Most of this goes back to the time where we were happy to have any upload so wasn't overly worried about the format / filename etc as long as we had it on the site
Title: Re: file numbering format
Post by: Yoc on December 17, 2017, 10:06:19 AM
If a script to rename rar and zip files to the cbr/cbz file name were easy to do please feel free Capt.
But I don't think we should 'ban' them.  Some people out there might have no choice (as far as they know) in what format they share with.

-Yoc
Title: Re: file numbering format
Post by: Snard on December 18, 2017, 05:53:10 AM
I agree with Yoc's statement about not banning any particular extension (i.e. .rar or .zip). I personally keep all of my comic archives named as .zip, since I don't use CDisplay, but rather choose to use built-in Windows tools for viewing the files (Windows natively supports the .zip extension). When I do uploads to DCM, I try to remember to make a copy of the file, renamed as .cbz, before I upload. However, if there were a script or action on DCM that took care of the renaming for me during uploads, I would welcome that, since it would be one less thing to remember to do.  (As a side note, the upload service for DC++ does something like this.)

Thanks for all you do.
Title: Re: file numbering format
Post by: Captain DJ on December 18, 2017, 12:12:02 PM
Have changed code so when a user clicks download a .zip files changes to .cbz and .rar files change to .cbr
So no .zip / .rar files should now ever be offered to downloaded


No change on uploads, users can still upload .zip and .rar files.
Title: Re: file numbering format
Post by: Yoc on December 18, 2017, 03:06:29 PM
Thanks very much Capt.  A nice update for those especially unable to change file formats for any reason.

-Yoc
Title: Re: file numbering format
Post by: garbanzo on December 18, 2017, 04:36:36 PM
A welcome change! Thank you all for for considering, discussing, and implementing  8)
Title: Re: file numbering format
Post by: Captain DJ on December 18, 2017, 05:19:44 PM
We always welcome suggestions, if community want the change then we will make it
Title: Re: file numbering format
Post by: Captain DJ on December 19, 2017, 03:36:34 PM
We have made one further change and we have changed the upload function to now detect the file type being uploaded and will auto fix common file extension problems.


For example:
a .zip file uploaded as a .cbr file will be auto fixed to a .cbz file
a .rar file uploaded will be auto fixed to .cbr


This should reduce work on staff and stop common problems with Comic Preview feature etc.

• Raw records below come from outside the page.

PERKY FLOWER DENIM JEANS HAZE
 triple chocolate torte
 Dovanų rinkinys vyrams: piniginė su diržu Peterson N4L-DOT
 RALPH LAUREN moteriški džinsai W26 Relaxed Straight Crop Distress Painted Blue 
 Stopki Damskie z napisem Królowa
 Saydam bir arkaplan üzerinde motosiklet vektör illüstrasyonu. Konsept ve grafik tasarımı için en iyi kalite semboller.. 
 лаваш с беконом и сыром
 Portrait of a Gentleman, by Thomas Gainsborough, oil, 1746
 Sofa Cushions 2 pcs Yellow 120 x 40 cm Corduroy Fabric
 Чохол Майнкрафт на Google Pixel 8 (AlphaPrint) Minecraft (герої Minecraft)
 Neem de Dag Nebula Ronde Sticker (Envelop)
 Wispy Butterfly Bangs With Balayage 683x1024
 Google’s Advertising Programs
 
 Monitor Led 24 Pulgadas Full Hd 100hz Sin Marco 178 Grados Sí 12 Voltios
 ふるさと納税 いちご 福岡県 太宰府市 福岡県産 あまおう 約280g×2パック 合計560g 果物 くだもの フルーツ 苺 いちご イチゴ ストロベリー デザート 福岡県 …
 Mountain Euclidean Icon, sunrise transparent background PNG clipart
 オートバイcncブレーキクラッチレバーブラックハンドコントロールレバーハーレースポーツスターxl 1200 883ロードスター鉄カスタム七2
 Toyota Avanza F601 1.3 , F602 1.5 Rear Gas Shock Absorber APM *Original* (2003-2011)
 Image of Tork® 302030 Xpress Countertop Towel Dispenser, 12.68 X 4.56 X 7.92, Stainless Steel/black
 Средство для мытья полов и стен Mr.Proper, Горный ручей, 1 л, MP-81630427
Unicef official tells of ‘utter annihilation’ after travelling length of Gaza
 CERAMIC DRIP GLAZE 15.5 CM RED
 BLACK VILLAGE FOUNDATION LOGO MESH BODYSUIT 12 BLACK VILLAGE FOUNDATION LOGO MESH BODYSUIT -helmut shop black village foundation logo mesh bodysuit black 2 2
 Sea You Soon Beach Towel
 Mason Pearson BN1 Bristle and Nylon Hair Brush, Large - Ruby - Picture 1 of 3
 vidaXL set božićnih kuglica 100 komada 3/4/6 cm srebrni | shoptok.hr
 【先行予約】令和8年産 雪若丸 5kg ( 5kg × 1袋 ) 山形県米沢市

Title: Re: file numbering format
Post by: Yoc on December 19, 2017, 04:34:34 PM
Thanks very much for working on this Capt!
:D
Title: Re: file numbering format
Post by: OtherEric on December 22, 2017, 12:50:05 AM
A welcome change! Thank you all for for considering, discussing, and implementing  8)

Please allow me to apologize for having replied somewhat harshly to your original post, by the way.  At least one of the problems where I didn't have an easy solution did turn out to have one.

Did you ever figure out what the cmj34.zip was?
Title: Re: file numbering format
Post by: garbanzo on January 06, 2018, 06:10:01 AM
A welcome change! Thank you all for for considering, discussing, and implementing  8)

Please allow me to apologize for having replied somewhat harshly to your original post, by the way.  At least one of the problems where I didn't have an easy solution did turn out to have one.

Did you ever figure out what the cmj34.zip was?


No worries at all. I can have a big mouth sometimes if I think I see something happening that I think is inefficient or ineffective. Since I'm not a frequent poster here, maybe I could have eased into the discussion a bit better.


cmj34.zip was just an example I concocted, not a specific filename. But your first guess was basically correct, I had just finished sorting Captain Marvel Jr, and one of the files was named similarly.